If a line in the entries below includes "Bedrooms", show that line.
EXERCISE DATA section start
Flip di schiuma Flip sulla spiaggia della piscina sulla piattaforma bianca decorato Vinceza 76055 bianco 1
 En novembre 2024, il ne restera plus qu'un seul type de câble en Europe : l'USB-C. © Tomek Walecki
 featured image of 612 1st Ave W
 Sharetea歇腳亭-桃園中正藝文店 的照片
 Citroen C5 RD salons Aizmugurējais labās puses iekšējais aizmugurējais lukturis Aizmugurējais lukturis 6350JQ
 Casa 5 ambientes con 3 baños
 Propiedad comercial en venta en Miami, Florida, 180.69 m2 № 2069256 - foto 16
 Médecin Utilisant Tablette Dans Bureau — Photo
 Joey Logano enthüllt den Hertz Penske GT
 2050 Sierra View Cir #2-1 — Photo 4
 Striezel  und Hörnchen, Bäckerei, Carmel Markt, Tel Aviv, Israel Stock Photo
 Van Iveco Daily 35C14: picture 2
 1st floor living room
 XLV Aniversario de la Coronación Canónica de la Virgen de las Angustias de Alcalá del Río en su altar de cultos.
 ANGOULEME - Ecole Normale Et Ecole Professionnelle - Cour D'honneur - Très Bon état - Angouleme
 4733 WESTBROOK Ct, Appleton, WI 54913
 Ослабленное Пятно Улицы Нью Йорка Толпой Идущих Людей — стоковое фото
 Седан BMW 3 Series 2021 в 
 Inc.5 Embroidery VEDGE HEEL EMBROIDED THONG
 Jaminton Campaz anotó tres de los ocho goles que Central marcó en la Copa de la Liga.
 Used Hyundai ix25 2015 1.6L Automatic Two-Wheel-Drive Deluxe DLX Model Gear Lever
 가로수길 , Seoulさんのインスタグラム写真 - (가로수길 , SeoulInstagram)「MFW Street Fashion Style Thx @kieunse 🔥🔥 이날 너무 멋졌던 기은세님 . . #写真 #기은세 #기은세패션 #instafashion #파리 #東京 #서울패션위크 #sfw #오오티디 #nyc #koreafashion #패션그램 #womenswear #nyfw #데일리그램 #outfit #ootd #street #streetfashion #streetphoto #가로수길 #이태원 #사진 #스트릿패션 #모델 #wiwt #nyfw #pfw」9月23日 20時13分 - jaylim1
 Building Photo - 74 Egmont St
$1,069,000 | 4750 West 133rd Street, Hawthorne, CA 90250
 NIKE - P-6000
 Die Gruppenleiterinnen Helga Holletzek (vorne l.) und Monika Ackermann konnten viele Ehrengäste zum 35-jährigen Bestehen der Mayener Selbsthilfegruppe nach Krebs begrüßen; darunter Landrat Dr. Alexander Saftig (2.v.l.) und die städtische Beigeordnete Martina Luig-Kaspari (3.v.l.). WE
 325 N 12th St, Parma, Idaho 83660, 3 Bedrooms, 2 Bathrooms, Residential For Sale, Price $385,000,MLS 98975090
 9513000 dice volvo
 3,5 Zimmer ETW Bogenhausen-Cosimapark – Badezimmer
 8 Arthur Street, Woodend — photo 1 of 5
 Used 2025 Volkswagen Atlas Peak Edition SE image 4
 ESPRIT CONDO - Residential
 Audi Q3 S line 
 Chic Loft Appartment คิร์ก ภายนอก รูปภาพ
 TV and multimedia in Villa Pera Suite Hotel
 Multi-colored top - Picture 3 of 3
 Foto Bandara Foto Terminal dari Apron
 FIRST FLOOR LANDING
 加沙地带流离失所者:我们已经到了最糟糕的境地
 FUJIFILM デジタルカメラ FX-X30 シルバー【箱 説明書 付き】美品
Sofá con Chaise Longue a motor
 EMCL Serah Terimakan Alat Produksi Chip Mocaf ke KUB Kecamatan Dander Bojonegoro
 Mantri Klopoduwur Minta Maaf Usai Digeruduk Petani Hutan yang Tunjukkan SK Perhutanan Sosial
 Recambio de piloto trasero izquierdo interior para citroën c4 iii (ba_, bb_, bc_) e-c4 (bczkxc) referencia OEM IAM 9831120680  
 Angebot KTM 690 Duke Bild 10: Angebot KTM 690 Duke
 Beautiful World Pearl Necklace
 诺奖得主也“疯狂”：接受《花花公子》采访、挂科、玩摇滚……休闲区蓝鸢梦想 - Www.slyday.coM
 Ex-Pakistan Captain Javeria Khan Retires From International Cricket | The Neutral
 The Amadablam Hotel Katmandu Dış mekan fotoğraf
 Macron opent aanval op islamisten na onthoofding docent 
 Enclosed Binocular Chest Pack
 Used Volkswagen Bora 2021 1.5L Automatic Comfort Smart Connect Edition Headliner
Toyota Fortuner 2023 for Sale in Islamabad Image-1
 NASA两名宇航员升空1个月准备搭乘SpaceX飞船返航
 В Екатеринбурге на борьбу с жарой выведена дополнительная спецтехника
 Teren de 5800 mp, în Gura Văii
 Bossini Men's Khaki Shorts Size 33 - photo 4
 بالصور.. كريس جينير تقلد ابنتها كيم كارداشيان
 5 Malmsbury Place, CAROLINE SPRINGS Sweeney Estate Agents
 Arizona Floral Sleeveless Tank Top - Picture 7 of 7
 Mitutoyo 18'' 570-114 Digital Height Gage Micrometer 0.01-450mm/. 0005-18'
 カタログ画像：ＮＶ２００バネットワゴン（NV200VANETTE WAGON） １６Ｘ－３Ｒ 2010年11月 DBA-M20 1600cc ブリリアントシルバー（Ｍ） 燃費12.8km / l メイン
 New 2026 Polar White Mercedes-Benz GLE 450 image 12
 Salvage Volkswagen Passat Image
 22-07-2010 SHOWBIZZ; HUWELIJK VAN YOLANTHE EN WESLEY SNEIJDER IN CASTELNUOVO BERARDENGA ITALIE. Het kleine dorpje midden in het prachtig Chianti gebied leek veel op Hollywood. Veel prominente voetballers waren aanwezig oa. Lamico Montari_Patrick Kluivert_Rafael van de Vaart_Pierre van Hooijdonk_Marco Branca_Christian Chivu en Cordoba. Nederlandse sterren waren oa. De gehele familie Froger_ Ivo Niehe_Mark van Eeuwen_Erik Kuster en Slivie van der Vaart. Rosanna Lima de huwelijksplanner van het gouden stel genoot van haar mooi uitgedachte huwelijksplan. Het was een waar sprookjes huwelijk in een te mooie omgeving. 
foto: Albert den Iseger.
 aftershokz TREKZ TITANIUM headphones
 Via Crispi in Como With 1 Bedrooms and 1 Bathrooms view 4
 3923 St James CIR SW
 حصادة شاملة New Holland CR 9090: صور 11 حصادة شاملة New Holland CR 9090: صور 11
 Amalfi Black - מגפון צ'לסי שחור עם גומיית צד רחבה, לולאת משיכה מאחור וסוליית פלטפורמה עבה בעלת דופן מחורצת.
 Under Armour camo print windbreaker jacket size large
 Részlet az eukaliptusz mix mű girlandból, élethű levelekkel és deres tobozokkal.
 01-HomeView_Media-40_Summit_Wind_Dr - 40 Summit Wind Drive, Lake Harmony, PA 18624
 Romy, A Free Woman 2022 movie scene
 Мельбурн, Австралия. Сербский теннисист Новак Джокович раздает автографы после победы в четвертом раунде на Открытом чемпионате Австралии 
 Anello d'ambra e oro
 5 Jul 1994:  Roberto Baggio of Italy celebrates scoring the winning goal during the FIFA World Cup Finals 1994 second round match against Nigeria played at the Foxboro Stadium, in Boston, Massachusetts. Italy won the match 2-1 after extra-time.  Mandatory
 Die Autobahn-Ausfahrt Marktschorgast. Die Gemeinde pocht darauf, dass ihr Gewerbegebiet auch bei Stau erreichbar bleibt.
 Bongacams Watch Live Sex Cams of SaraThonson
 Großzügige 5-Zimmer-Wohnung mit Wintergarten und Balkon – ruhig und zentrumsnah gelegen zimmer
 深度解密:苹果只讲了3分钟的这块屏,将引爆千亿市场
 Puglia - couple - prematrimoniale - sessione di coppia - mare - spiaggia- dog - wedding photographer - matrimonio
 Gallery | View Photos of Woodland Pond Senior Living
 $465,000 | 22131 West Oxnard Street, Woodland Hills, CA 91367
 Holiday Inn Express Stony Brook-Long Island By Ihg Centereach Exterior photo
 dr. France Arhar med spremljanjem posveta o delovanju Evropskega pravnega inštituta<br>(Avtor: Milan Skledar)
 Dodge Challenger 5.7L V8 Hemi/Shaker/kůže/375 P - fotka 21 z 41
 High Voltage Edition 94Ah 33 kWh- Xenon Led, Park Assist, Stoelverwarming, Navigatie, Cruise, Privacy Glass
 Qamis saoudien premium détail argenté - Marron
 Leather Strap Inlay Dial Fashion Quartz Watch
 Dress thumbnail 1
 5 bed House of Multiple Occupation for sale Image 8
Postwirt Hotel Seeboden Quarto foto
EXERCISE DATA section end
▸ EXPECTED OUTPUT:
 325 N 12th St, Parma, Idaho 83660, 3 Bedrooms, 2 Bathrooms, Residential For Sale, Price $385,000,MLS 98975090
 Via Crispi in Como With 1 Bedrooms and 1 Bathrooms view 4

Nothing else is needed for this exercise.